World Bank has warned Pakistan of macroeconomic instability, and balance of payment crisis keeping in view the widening current account deficit and other challenges linked with the country’s economy.
WB in its Pakistan-related report “Country Economic Memorandum 2.0” stated that Pakistan has had a current account deficit of 16 to 21 billion-dollar every year since the turn of the century.
As a result, the risk of a balance of payment crisis and macroeconomic instability have increased.
The report also stated that Pakistan’s real GDP per capita growth has been low at around 2 percent Since 2000 which is almost 2.7 percentage points lower than the South Asian average.
On the other hand, the real GDP per capita growth of India and Bangladesh during the same time remained 5.2 percent and 4.8 percent respectively.
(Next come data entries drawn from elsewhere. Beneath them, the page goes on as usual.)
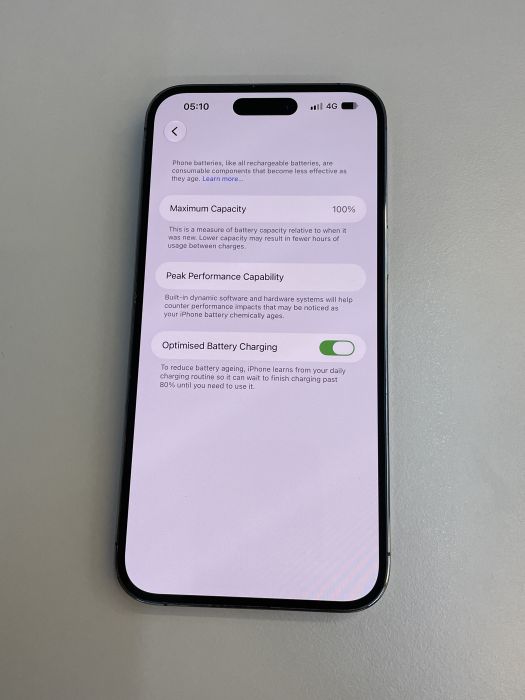 iPhone 14 Pro Max · 8/9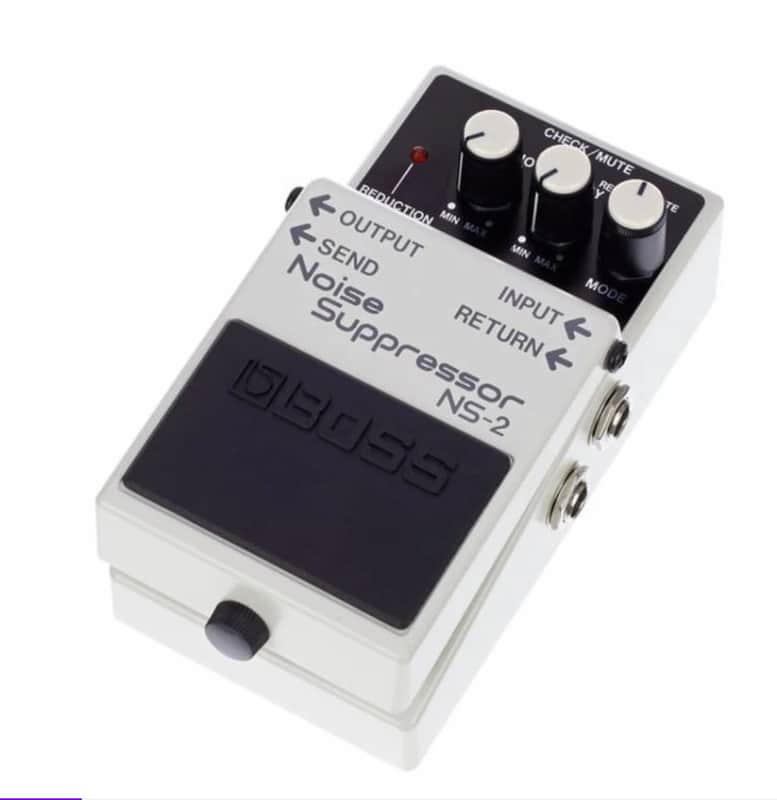 Immagine Boss NS-2 Noise Suppressor (Silver Label) 1989 - Present - White - 1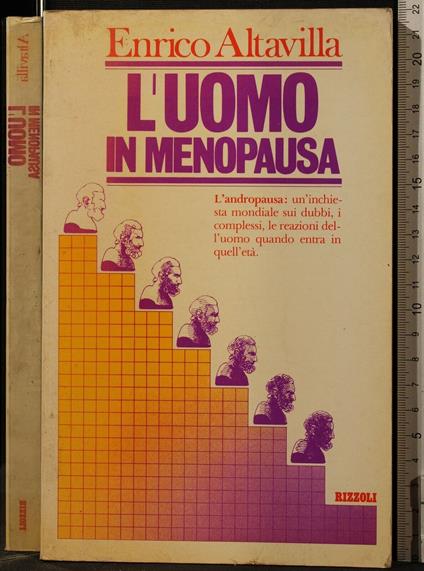 L' Uomo in Menopausa - Enrico Altavilla - copertina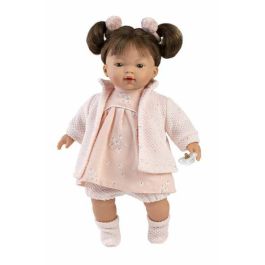 Llorens Muñeca Llorona Vera Cuerpo de Tela 33cm con Chupete Emite Sonidos Precio: 34.59000017. SKU: B1FEXSQ86K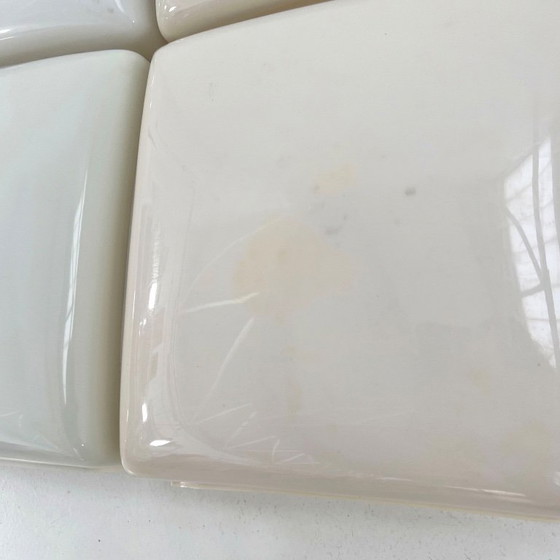 Image 1 of Set van 4 Cnosso wandlampen van Angelo Mangiarotti voor Artemide, jaren 60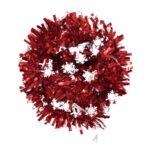Beteala Craciun, Embo, roșu, marimea: 2 m x 9 cm x 9 cm material:folie PVC, interior/exterior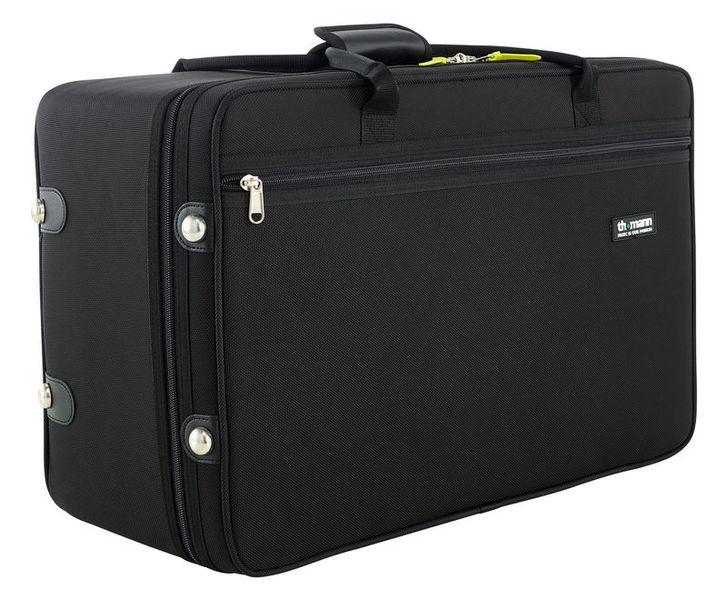 thomann trumpet bags, cases & covers thomann compofibre quad trumpet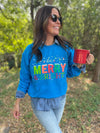 Merry & Bright Crewneck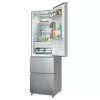 Haier HTR3518ENMX hűtő alulfagyasztós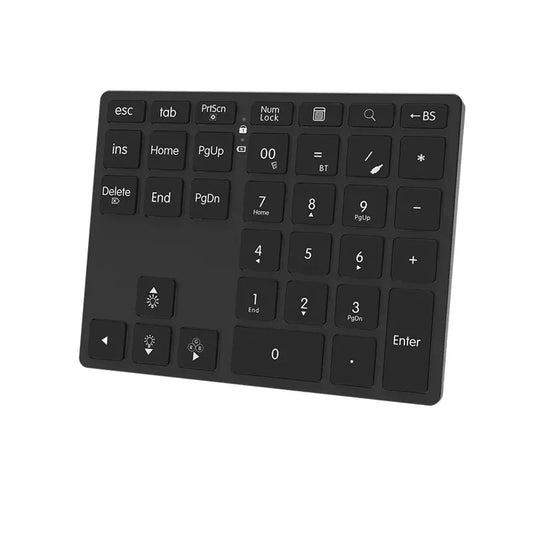 JOMAA 2.4G Bluetooth Numeric Keypad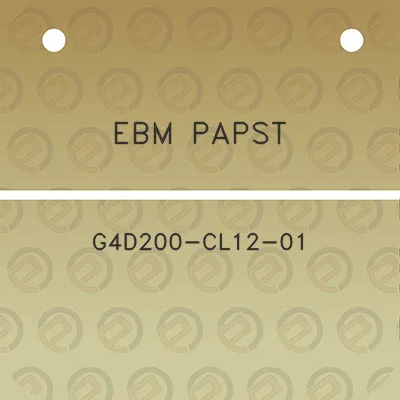 ebm-papst-g4d200-cl12-01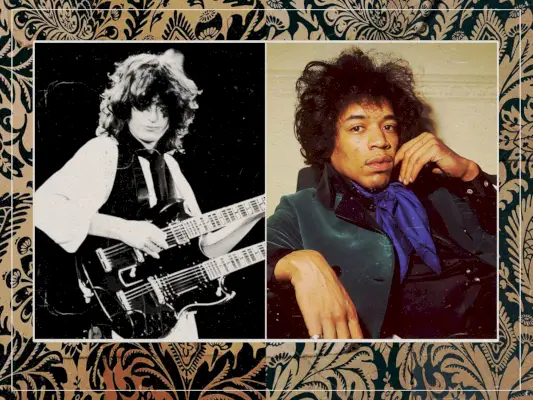 La rencontre décevante de Jimmy Page avec Jimi Hendrix
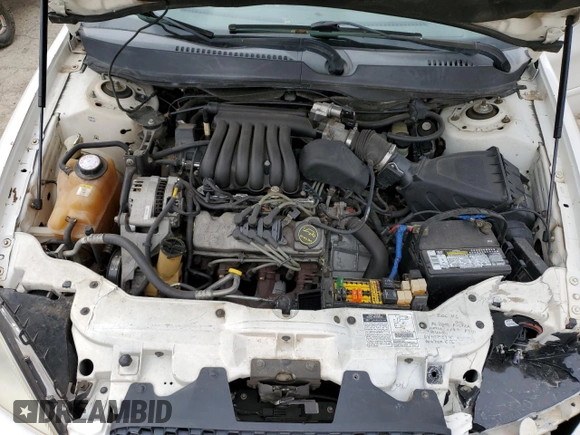 2002 Ford Taurus SE Standard с VIN 1FAFP53U02A133605, выставлен на аукционе Copart как лот 51438315 с пробегом 135 602 миль миль и Списание • Salvage title. История ставок и продаж доступна на DreamBid. Изображение 12.
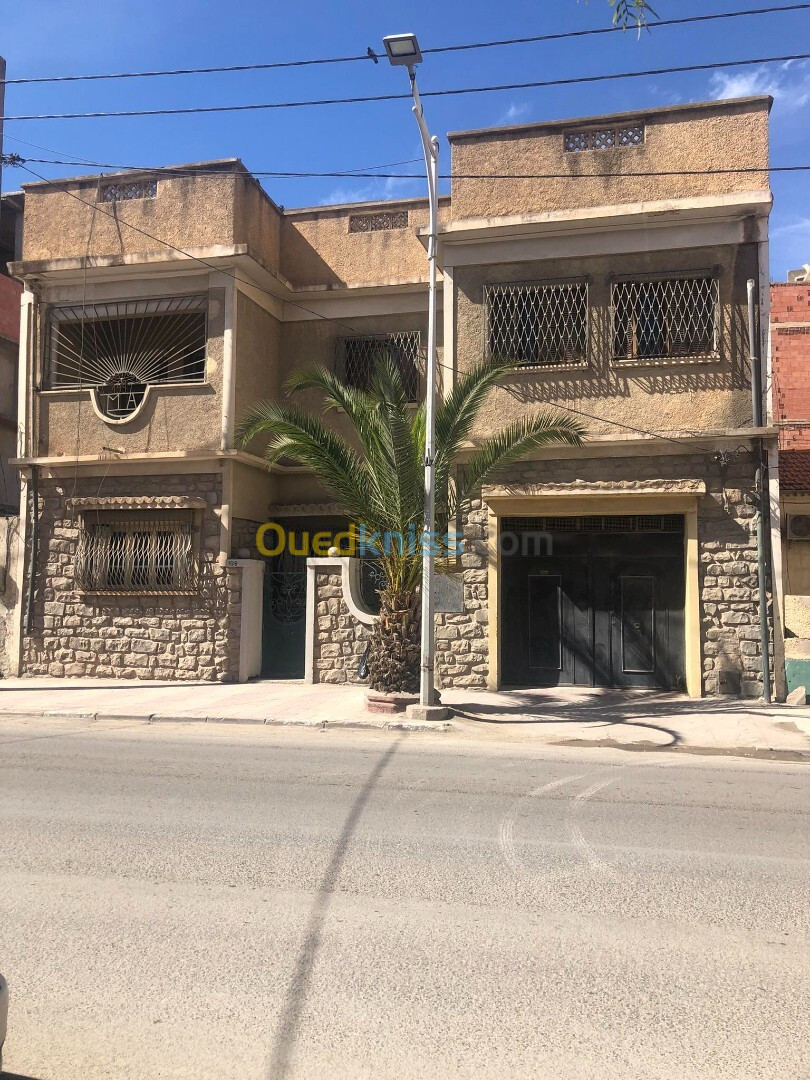 Vente Villa Sidi Bel Abbès Sidi bel abbes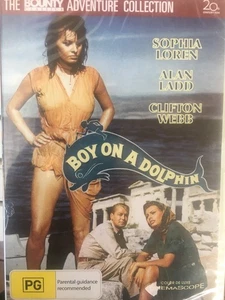 BOY ON A DOLPHIN DVD Sophia Loren 1957 AS NEW! - Picture 1 of 2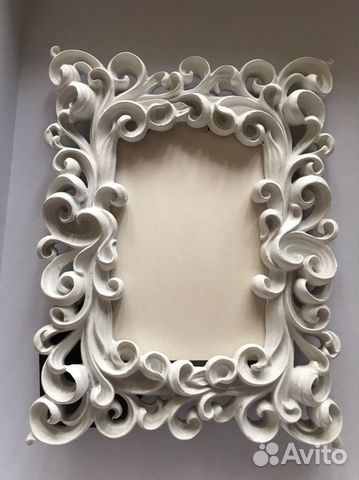 Zara home Фотобагет красивая как арфа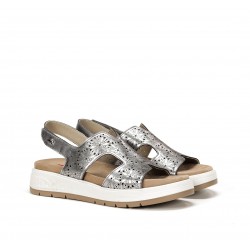 Sandalias Mujer Fluchos Street F2007 Plata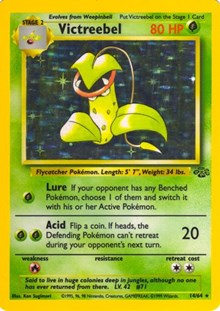 Victreebel (14) (14) [Jungle]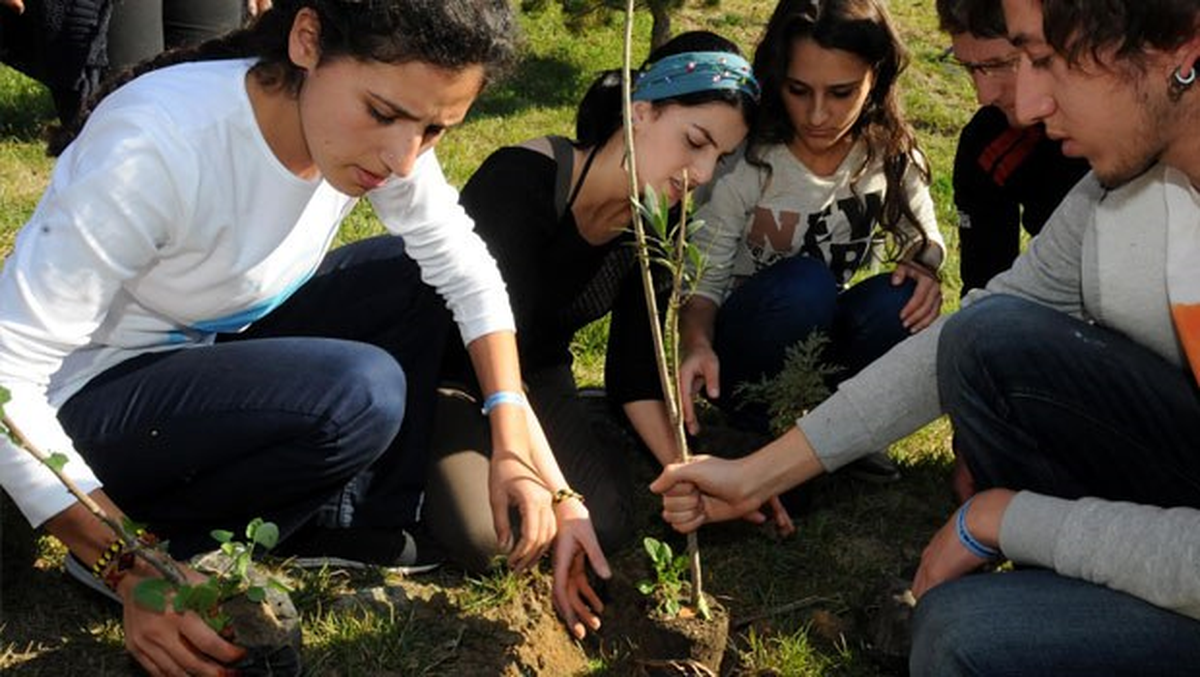 5 Milyon Üniversite Öğrencisi İçin 5 Milyon Fidan Dikimi Töreni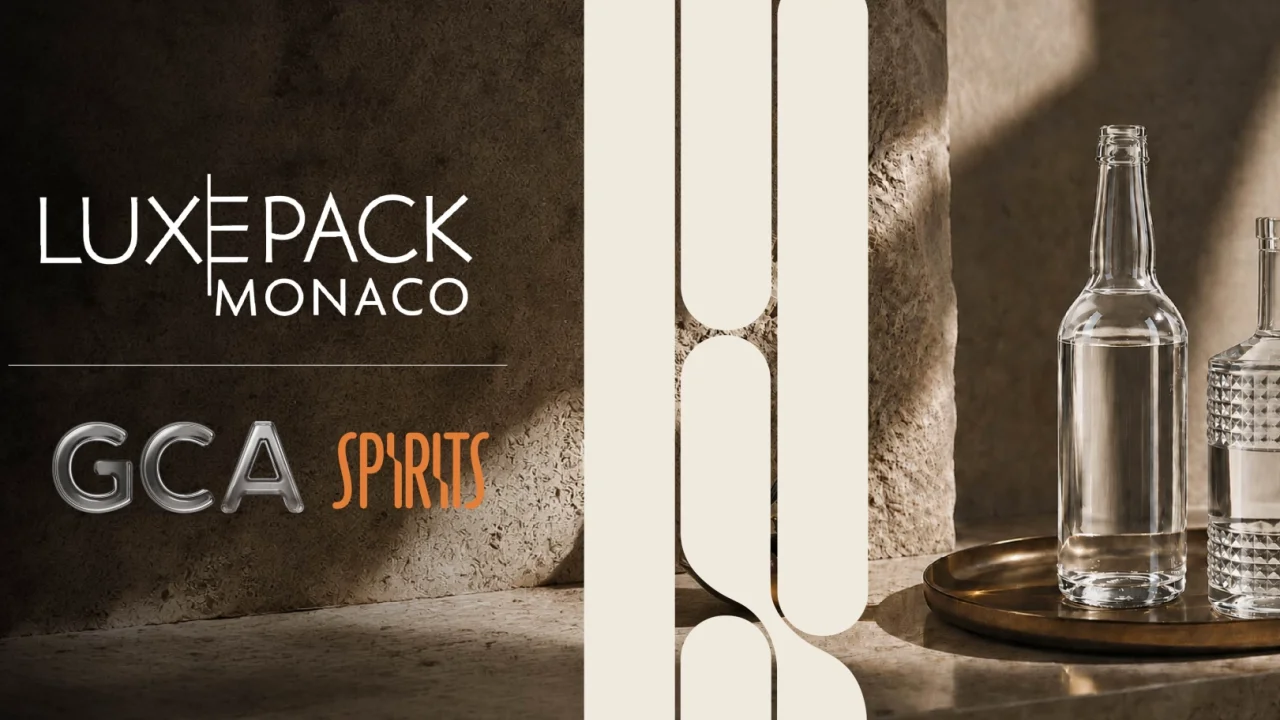 GCA Spirits, Premium Cam Ambalaj Çözümlerini Luxe Pack Monaco’da Sergileyecek
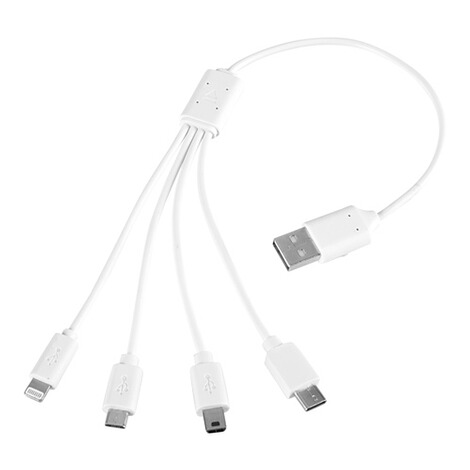 Multi-USB-laadkabel “4-in-1” 1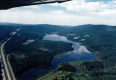 Aerial of Highway and Water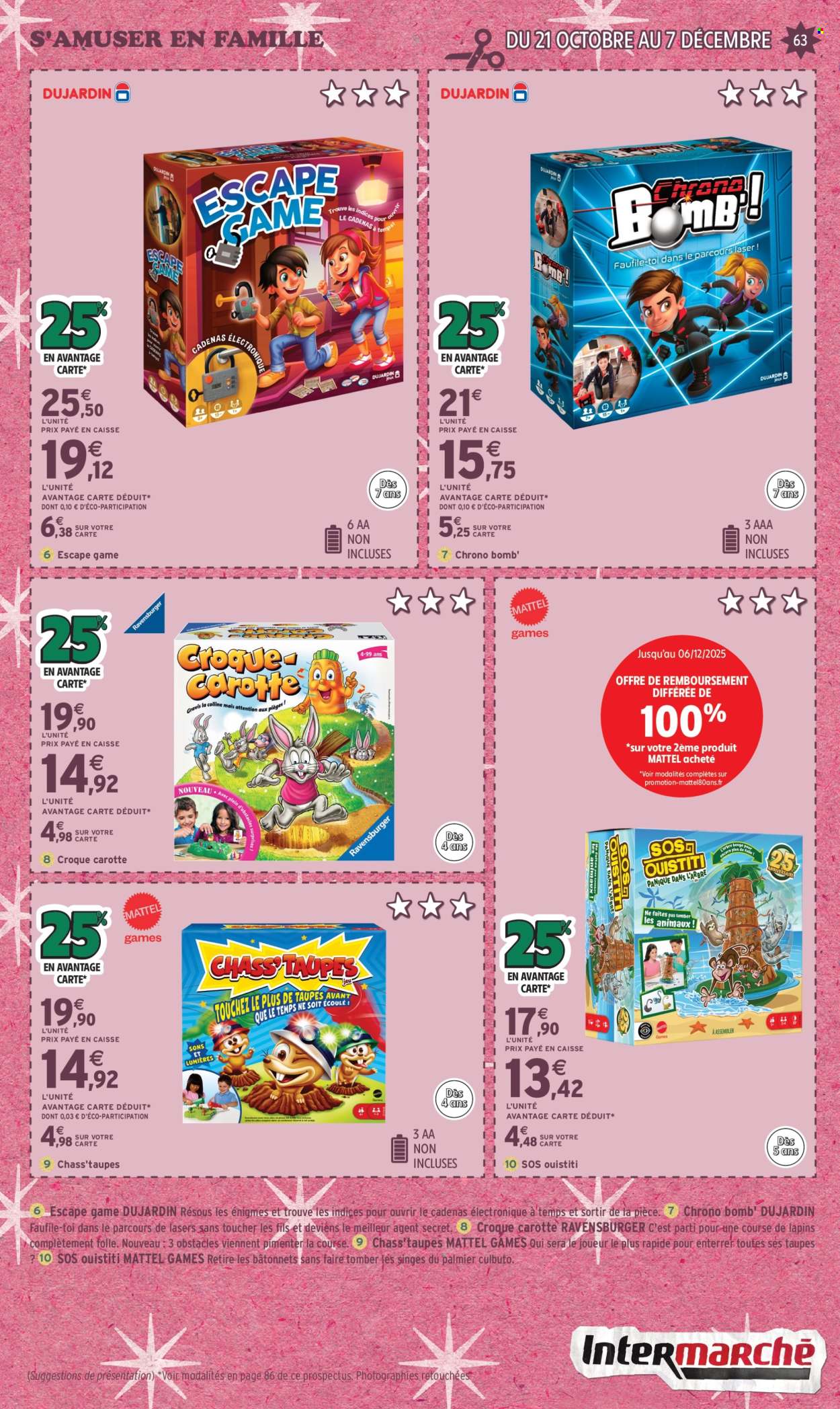 Catalogue Intermarché - 21/10/2025 - 07/12/2025. Page 63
In addition the report also stated that exports and investment demand added on average 1.4 percentage points to aggregate demand growth from 1999 to 2009/10. This contribution fell to an average of 0.7 percentage points since 2010.
Low growth contributions of investment and exports are associated with productivity stagnation, the report further stated that an average worker in Pakistan in 2018 produced only 38.1 percent more output than in 1991, while one from Vietnam produced 257.6 percent more than in 1991.
The report states that evidence for publicly listed firms shows that firm’s average productivity between 2012 and 2017 has only increased slightly (and has been mildly falling since 2015).
Many firms are not investing enough even to replace their depreciation, “Though exporters invest more than domestic-oriented firms and foreign-owned firms invest more than domestic-owned firms”, the report added.
Pakistani exporters accounted for 0.15 percent of global exports in 2005, in 2019 they accounted for only 0.12 percent and this is suggestive of relative productivity stagnation, and of relatively low scope for future productivity growth.
The report stated that there is a need to focus on unlocking productivity-led growth through better allocation of talent and resources however technology could play a key role in reducing barriers that women face in accessing education and work opportunities.